There is something rather unnerving about this teeny weeny little machine from Chillblast. It's not the matte black, brushed aluminium exterior with its heat-defying fins, and it's not the thin maw waiting expectantly for Blu-ray discs to consume. No, it's the complete lack of, well, anything when you press the on button.
There is a little light above the button, but this is either not plugged into the motherboard, or is one of those Hitchhiker's Guide to the Galaxy black lights that lights up black to let you know you've pressed it. There is only the faintly audible click of the optical drive checking itself for spinnables to let you know that the Vacuum Mini is actually operational.
Compared to the standard cacophonous roar that accompanies my usual PC startup routine, this makes for a wonderful change. Not even the PSU makes a sound as this li'l brick of a machine glides silently into Windows.
So yeah, it's silent, hopefully that point has been hammered home by now, but the other impressive thing is the amount of power that's been squeezed into this wee PC.
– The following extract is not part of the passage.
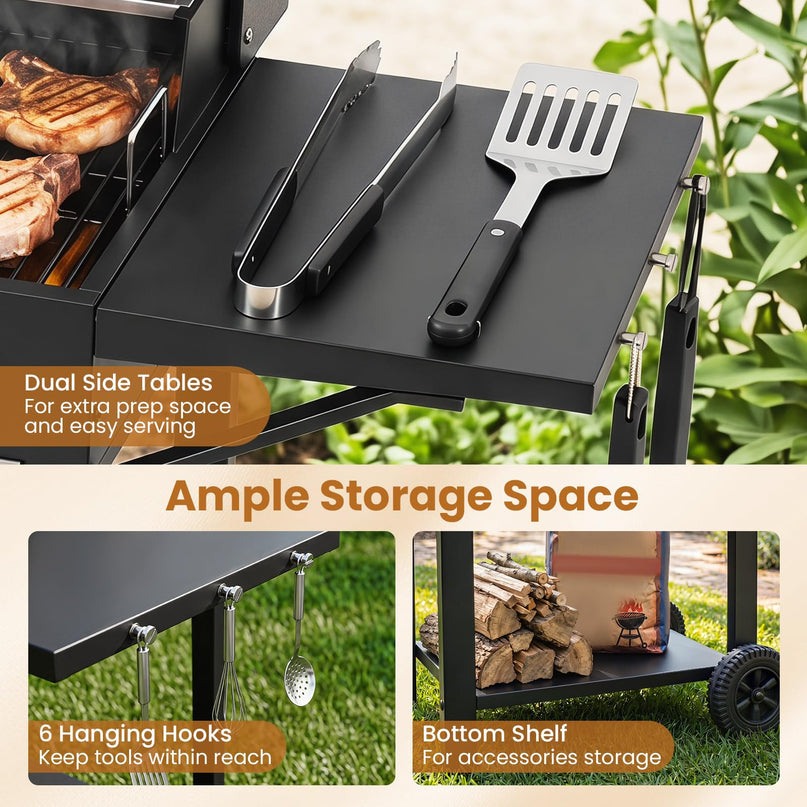 Giantex Charcoal Grill with 2 Side Tables for Backyard Picnic Party Camping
This is a full Ivy Bridge machine, with a H77 motherboard and quad-core Intel i5 CPU churning away inside, generally at over 3GHz. That's not where the impressive specs cease either, with a full-fat 8GB of DDR3 memory (admittedly running at the relatively lowly speed of 1,333MHz), Blu-ray/DVD RW combo drive, 240GB SATA 6Gbps solid state drive and a Freeview HD dual-tuner all crammed inside.
The only slight twinge of disappointment emanating from my geek gland comes from the lack of graphical power. Chillblast has opted to fill the PCIe slot with the TV tuner for full media centre credentials where a low profile GPU could have been squeezed instead.
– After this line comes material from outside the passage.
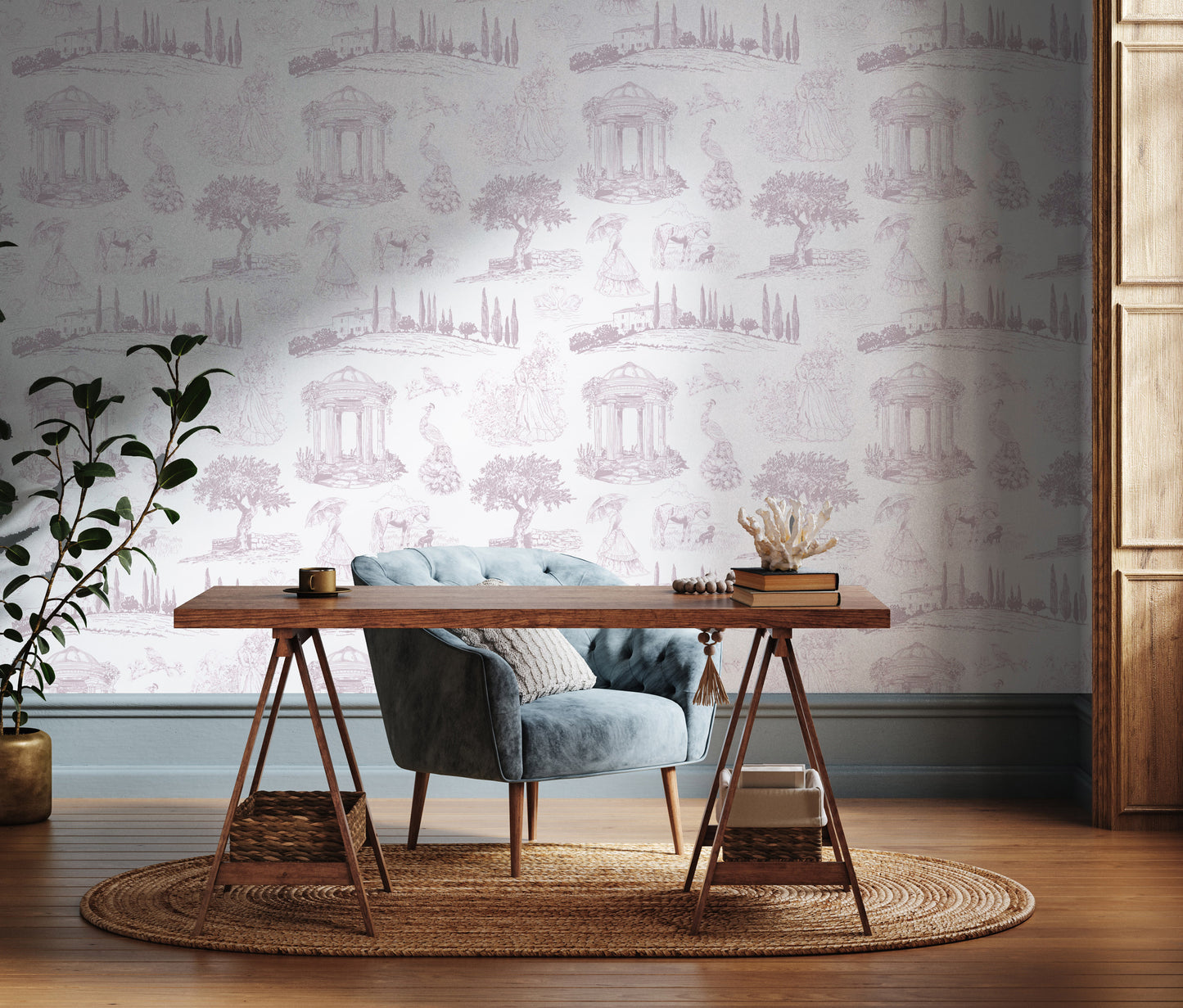 Blush pink vintage French Toile removable peel and stick wallpaper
Realistically though, the cramped insides and lack of airflow would do bad things to most graphics cards, so we can't fault Chillblast for that. So we have to make do with integrated processor graphics, and all the talk pre-release was about how much of an improvement Ivy Bridge graphics were over its Sandy predecessors.
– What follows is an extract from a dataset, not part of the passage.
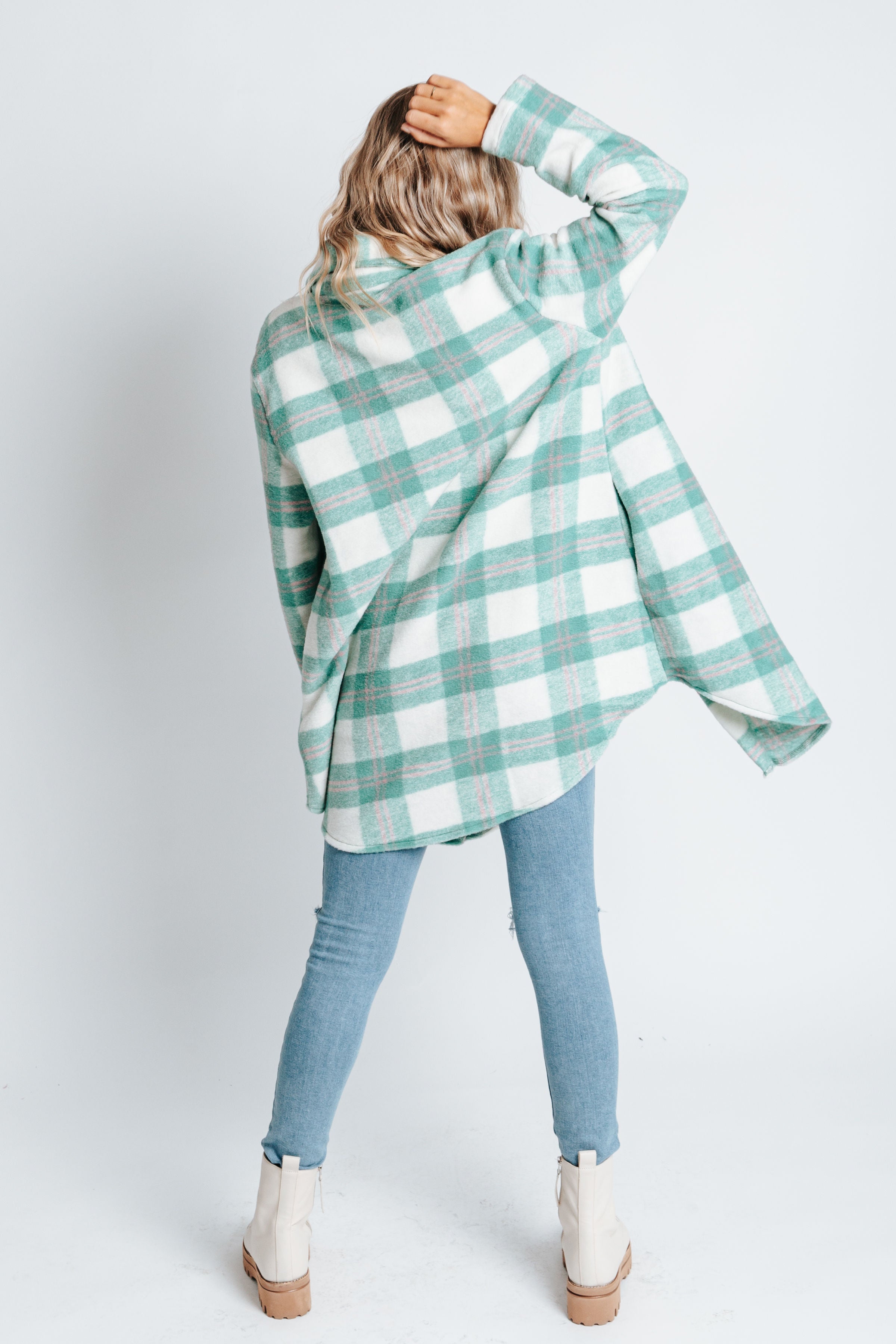 The Clawson Long Plaid Shacket in Jade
Sadly though, the i5 3450S CPU only comes with the weak HD 2500 graphics. That means just six execution units/graphics cores compared with the 16 of the full HD 4000 graphics parts used in a few Ivy Bridge chips.
But this is no mini gaming PC. This is a bespoke Chillblast build designed to be the ultimate silent media box, so the lack of 3D prowess can be forgiven. The Fusion Vacuum Mini is still more than capable of delivering HD playback down your eye-tubes, and with a wireless N card in there it can also do it sans cabling.
The big sticking point for us is the price. At £1,000 this may be every inch the luxury box for your high-end lounge media setup, but it's still an incredibly expensive media PC. If you've spent a fortune on your speaker wires and golden HDMI cabling, then you'll probably pay the premium for a totally silent PC to complement the setup. If not, the price will seem seriously excessive.